We don’t cheer the sun coming up. We don’t cheer the grass coming in green. Yet we always cheer the Yankees going away. It’s heartening to know we can still appreciate the given things.

What’s that you say? It wasn’t a given that New York’s junior circuit entry would go away for good in 2019, especially when on Saturday night the sixth game of the American League Championship Series got itself tied in the top of the ninth inning and Game Seven loomed as a genuine possibility? Perhaps. It is baseball, and we are fond of reminding one another that in baseball, especially in baseball’s postseason, anything can happen — especially in a Game Seven and pivotally in a Game Six. What happened in the top of the ninth of Game Six was DJ Lamahieu poking a two-run homer just over the right field fence at Minute Maid Park and knotting the Astros at four, briefly casting into doubt the outcome of who would represent the AL in the World Series and disturbing the ultimate autumnal tranquility we have known and cherished since the unrequested ruckus of November 2009.

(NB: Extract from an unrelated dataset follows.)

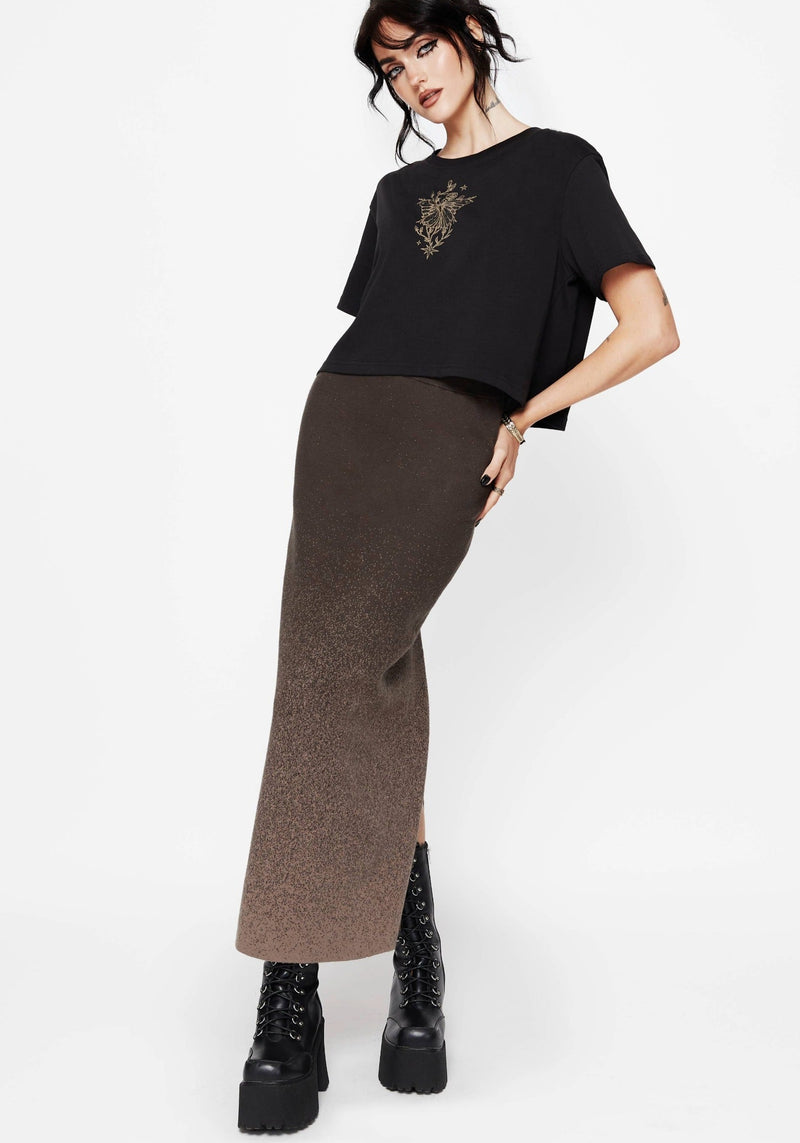 Nightjar Ombre Gestrickt Maxi Rock - Taupe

But a World Series in the 2010s by definition is a set of baseball games that never includes the New York Yankees. Not in any year between 2010 and 2018 and, as we approached the bottom of the ninth in Houston, not 2019. Not yet, anyway.

Not yet at all. Aroldis Chapman, heretofore untouchable fireballing closer, recorded two quick outs to keep Game Six tied, 4-4. Then he walked George Springer, bringing up Jose Altuve. Jose Altuve is not who you want up if you’re rooting for Aroldis Chapman.

Which none of us was, I’m pretty sure. Thus, we were quite content to see the mightiest mite swing and connect with a Chapman pitch that was next seen banging off a wall well above the high yellow home run line in left-center field. All those pinstripe-inflected lists being hastily updated to add Lamahieu to the ranks of Chambliss, Dent and Boone were just as suddenly subject to a quick Ctrl+Z. Instead, you could ink into legend a game-winning, pennant-clinching, Yankee-vanquishing home run. Astros take Game Six, 6-4; the ALCS, 4-2; and our hearts, for sure.

You’d think after ten consecutive Elimination Days — seven of them in October, four on the doorstep of the Fall Classic — that we contemporary denizens of the 2010s would be used to the Yankees going away. Within the parameters of a decade that has contained ten postseasons, it literally happens every year. But that doesn’t make its annual occurrence any less sweet.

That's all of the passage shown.